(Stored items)
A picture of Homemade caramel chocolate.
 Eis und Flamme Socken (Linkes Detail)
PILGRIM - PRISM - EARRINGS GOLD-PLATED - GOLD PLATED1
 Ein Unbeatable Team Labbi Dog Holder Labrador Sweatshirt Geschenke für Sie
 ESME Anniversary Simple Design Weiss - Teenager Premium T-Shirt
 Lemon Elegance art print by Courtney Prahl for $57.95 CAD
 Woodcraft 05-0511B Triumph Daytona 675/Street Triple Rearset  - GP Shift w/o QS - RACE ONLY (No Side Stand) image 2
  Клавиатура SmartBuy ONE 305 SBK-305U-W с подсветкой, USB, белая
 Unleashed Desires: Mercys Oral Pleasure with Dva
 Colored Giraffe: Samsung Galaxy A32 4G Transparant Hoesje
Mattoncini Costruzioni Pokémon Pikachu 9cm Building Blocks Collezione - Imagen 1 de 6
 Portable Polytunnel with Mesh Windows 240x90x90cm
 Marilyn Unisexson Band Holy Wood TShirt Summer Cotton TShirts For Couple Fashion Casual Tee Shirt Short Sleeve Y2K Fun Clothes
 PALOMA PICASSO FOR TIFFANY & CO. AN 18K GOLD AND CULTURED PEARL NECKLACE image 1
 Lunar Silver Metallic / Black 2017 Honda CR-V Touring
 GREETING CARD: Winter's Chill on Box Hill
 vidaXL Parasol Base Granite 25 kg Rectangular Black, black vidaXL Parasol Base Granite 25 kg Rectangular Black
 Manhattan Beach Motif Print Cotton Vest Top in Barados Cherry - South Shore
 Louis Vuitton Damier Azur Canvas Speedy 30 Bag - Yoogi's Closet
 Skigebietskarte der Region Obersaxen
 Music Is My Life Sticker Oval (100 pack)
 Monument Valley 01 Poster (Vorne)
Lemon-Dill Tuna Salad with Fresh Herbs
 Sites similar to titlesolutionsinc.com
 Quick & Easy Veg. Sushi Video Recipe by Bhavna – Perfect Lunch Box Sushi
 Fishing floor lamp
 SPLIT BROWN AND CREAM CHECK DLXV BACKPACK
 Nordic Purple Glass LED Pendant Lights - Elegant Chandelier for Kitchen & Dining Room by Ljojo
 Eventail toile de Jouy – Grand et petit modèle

#### WHAT THE TASK REQUIRES:
Every entry should be retyped exactly as shown.

#### FINISHED EXERCISE:
A picture of Homemade caramel chocolate.
 Eis und Flamme Socken (Linkes Detail)
PILGRIM - PRISM - EARRINGS GOLD-PLATED - GOLD PLATED1
 Ein Unbeatable Team Labbi Dog Holder Labrador Sweatshirt Geschenke für Sie
 ESME Anniversary Simple Design Weiss - Teenager Premium T-Shirt
 Lemon Elegance art print by Courtney Prahl for $57.95 CAD
 Woodcraft 05-0511B Triumph Daytona 675/Street Triple Rearset  - GP Shift w/o QS - RACE ONLY (No Side Stand) image 2
  Клавиатура SmartBuy ONE 305 SBK-305U-W с подсветкой, USB, белая
 Unleashed Desires: Mercys Oral Pleasure with Dva
 Colored Giraffe: Samsung Galaxy A32 4G Transparant Hoesje
Mattoncini Costruzioni Pokémon Pikachu 9cm Building Blocks Collezione - Imagen 1 de 6
 Portable Polytunnel with Mesh Windows 240x90x90cm
 Marilyn Unisexson Band Holy Wood TShirt Summer Cotton TShirts For Couple Fashion Casual Tee Shirt Short Sleeve Y2K Fun Clothes
 PALOMA PICASSO FOR TIFFANY & CO. AN 18K GOLD AND CULTURED PEARL NECKLACE image 1
 Lunar Silver Metallic / Black 2017 Honda CR-V Touring
 GREETING CARD: Winter's Chill on Box Hill
 vidaXL Parasol Base Granite 25 kg Rectangular Black, black vidaXL Parasol Base Granite 25 kg Rectangular Black
 Manhattan Beach Motif Print Cotton Vest Top in Barados Cherry - South Shore
 Louis Vuitton Damier Azur Canvas Speedy 30 Bag - Yoogi's Closet
 Skigebietskarte der Region Obersaxen
 Music Is My Life Sticker Oval (100 pack)
 Monument Valley 01 Poster (Vorne)
Lemon-Dill Tuna Salad with Fresh Herbs
 Sites similar to titlesolutionsinc.com
 Quick & Easy Veg. Sushi Video Recipe by Bhavna – Perfect Lunch Box Sushi
 Fishing floor lamp
 SPLIT BROWN AND CREAM CHECK DLXV BACKPACK
 Nordic Purple Glass LED Pendant Lights - Elegant Chandelier for Kitchen & Dining Room by Ljojo
 Eventail toile de Jouy – Grand et petit modèle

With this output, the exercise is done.